Wednesday, December 16, 2009

PicLits for Picture Poems

PicLit from PicLits.com
See the full PicLit at PicLits.com

PicLit from PicLits.com
See the full PicLit at PicLits.com


This week the 7th Grade Humanities team led 2 days of poetry workshops with all of the students. We had six teachers, so we had nice, small groups of students. The challenge was that we had only thirty minutes with each group.

I decided to use PicLits with my group. PicLits provides a scrolling bar of interesting photos, which change throughout the day, as backgrounds to student writing. Students can write haikus, rhyming poems, and free verse or use the PicLit word banks to create interesting and well written poems. The word banks contain lists of words that match the photo, divided up into parts of speech.


You can use the site to:
  1. Teach about imagery, metaphor, similes and figurative language.
  2. Teach the parts of speech.
  3. Help students to enjoy poetry creation.
  4. Talk about what a poem is. As you walk around the room and see what the students are doing, you will end up in many small discussions about this topic. Use it as an opportunity to have a whole group discussion when the poems are finished.
A final use of the site is to have students write their own inspirational or life-sayings on the photos. They do this naturally and some of them are really interesting to read.

Wednesday, December 2, 2009

Different Ways to Use Blogs and Wikis with Students



1. Students can write posts about current events. This gives them the opportunity to read news stories, summarize them in their own words and then synthesize and evaluate those stories.
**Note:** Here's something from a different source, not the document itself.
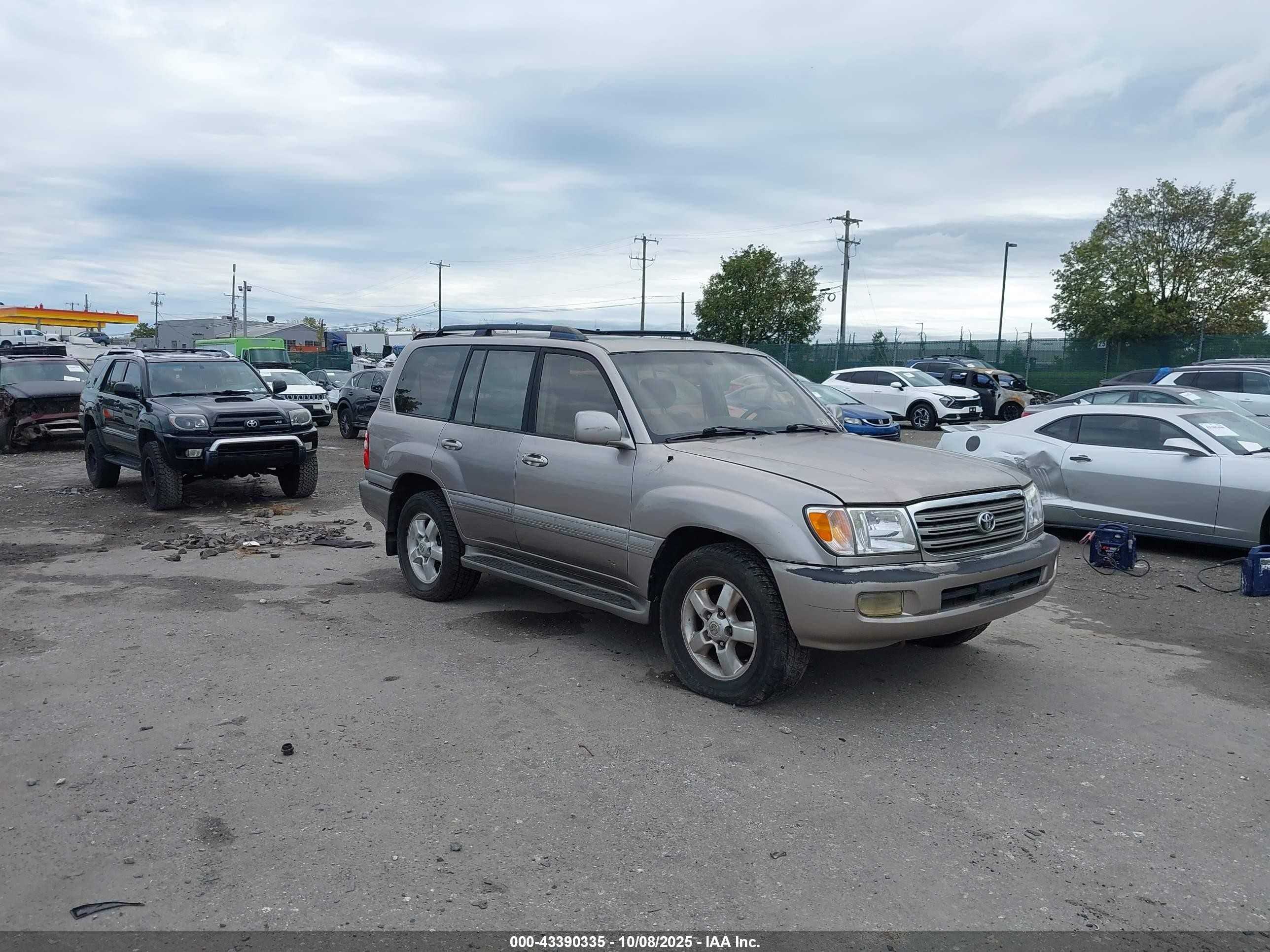 2003 Toyota Land Cruiser   Silver vin: JTEHT05J932045177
From their analyses, they create new 'news' stories, filled with links to the original stories and reporters and with reflections and questions for further research. Current events stories can be linked to curriculum very easily and students can see the connections between their lives and those of the people they are writing about. Here are more examples: Raimy, Paan, and Marc.

2. Writing about a novel. I post questions from various chapters of the novel and students post their answers on my blog. It is interesting to read all their opinions on one page and to see how students differ and and agree about what they are reading.

Sometimes I use the posts for students to just post answers to questions about the novel, sometimes I ask them to read each other's posts and write a reflection about patterns, and sometimes they post questions that other students have to answer. The image below is a screen shot of a page I deleted where students asked and answered each other's questions. I still had the comments though, so I took a screen shot of some of them.


3. As an online learning record or portfolio. Students can use their blogs to post work and reflections from all of their classes. If they keep the blogs for a long time, they can actually see how their thinking, their reading and their worlds have changed over time. Parents can also use the blog to see what their children are doing in school.

4. As a homework, classroom space. I post all the homework, links to websites where students can practice skills, learn new things and publish their writing. Every month I change at least a few links so that students can try new things.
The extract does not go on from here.